The Quietus - A new rock music and pop culture website

Album Of The Week

Patrick Clarke On Hey Colossus' The Guillotine
Patrick Clarke , June 8th, 2017 11:39

In The Guillotine Hey Colossus have hit a new peak just when it felt like there was no higher for them to climb. Patrick Clarke explores a ferocious call to arms and a militant articulation of turbulent times.

One would be forgiven for thinking that 2015 was the year in which Hey Colossus reached an unmatchable zenith. Releasing two of the year's most brilliant albums, In Black And Gold and Radio Static High via what seemed like the major outlet for all that was brilliant in modern psych – Rocket Recordings – it felt like a twin-peaked culmination of an unconventional, though thoroughly deserved, rise to prominence.

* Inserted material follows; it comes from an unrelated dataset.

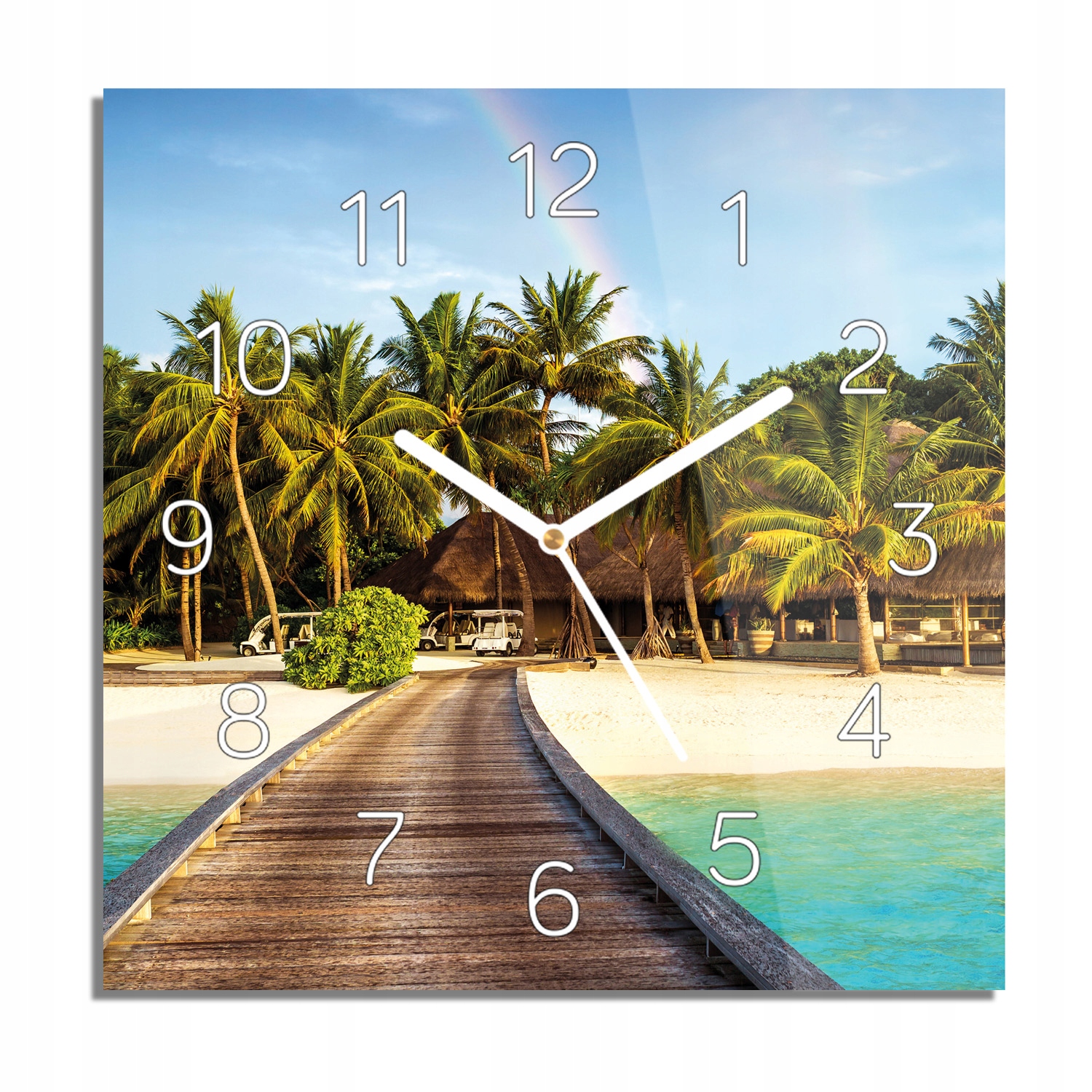 

Most palmy tęcza zegar na szkle z grafiką 30x30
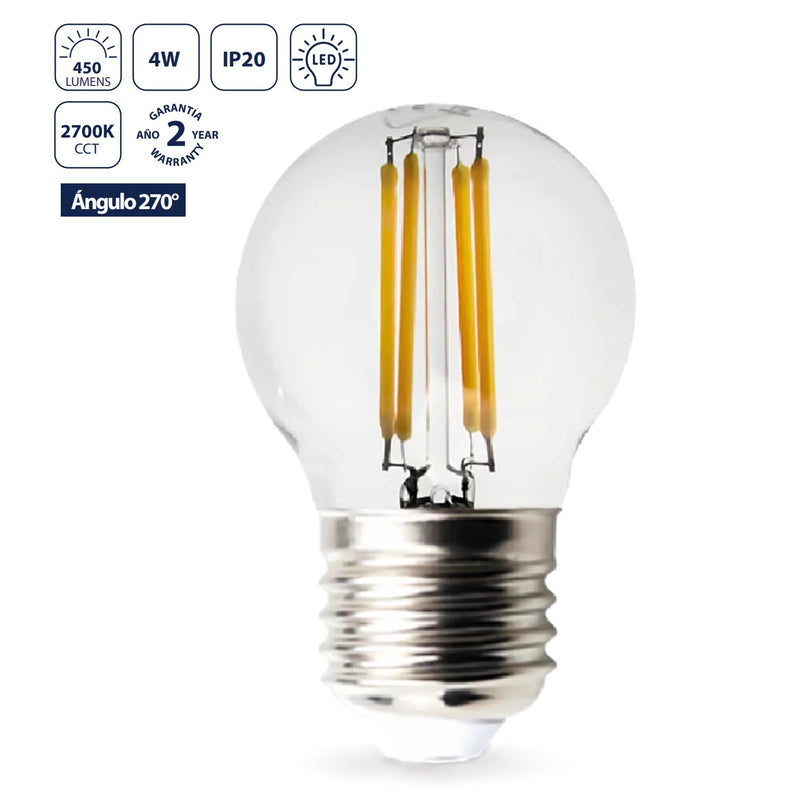 [SKUIMG]CL014-BFG45-01-4W-27K-Z|BOMBILLO FILAMENTO LED G45 E27 4W 2700K - LUZ CALIDA CRI>80, ENCENDIDO INMEDIATO, 450 LM,TRANSPARENT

Born as a crazed, cataclysmic hodge podge of furious free noise with inflections of kraut, psych and Japanese rock in the early-2000s, over a decade later the band became something of a British staple, lauded not only by the fringes but by the likes of Uncut and Mojo. Their sound, while having undeniably progressed, 'refined', even, still packed a brutal slug of a punch, and it seemed as though they'd perfected, like never before, the perfect balance between the brutal mania of old and a deserved sense of 'status' in the music world.

In the time between those two LPs and their latest, The Guillotine, much has changed, not only in the music of Hey Colossus, but, as it goes without saying, in the world at large. In the wake of the planet's hopeless heave to the political right, on their 11th studio album the band have done what seemed barely possible in 2015; Hey Colossus' knives have been honed even sharper. In short, the band have reached another level, where it felt there was nowhere left to climb.

There is much in common, here, with one of the year's other most crushingly spectacular records, Gnod's Just Say No To The Psycho Right-Wing Capitalist Fascist Industrial Death Machine. Both have been partial to stylistic metamorphosis, but at present their respective current forms overlap in a way that feels significant in the current climate. There is an argument that the best political bands have been those that married a militant message with militant sonics – Public Enemy, for example – and it's just this that makes Hey Colossus and Gnod's new albums so effective, the heaving, primal thuds and cataclysmic bursts of rushing, swirling musical hellfire.

'Englishman' is the centrepiece of The Guillotine, on which frontman Paul Sykes howls:

Whoops the empire slipped between the cracks
The stuff of legend and it's never coming back
Pack him with salt and seal the lid
Roll off the barrels from a sinking ship
Up the middle of the skittish isles
Collecting stories for a new witch trial
He was wild, young, loved and free
Whatever happened to his old country?

It's noticeable that these lyrics are as audible as Hey Colossus' have ever been, pushed front and centre atop a lurching, uncompromising pump of an instrumental. As a frontman Sykes has often counterbalanced his intensity with a keen, self-affacing eye for the exaggerated and grandiose, but here he feels imbued with a new sense of focus, his looming presence concentrated and refined. 'Englishman', as a result, is in this writer's opinion the finest 'political' song released this year. As for political rock songs, there's few, if any, to match it this decade.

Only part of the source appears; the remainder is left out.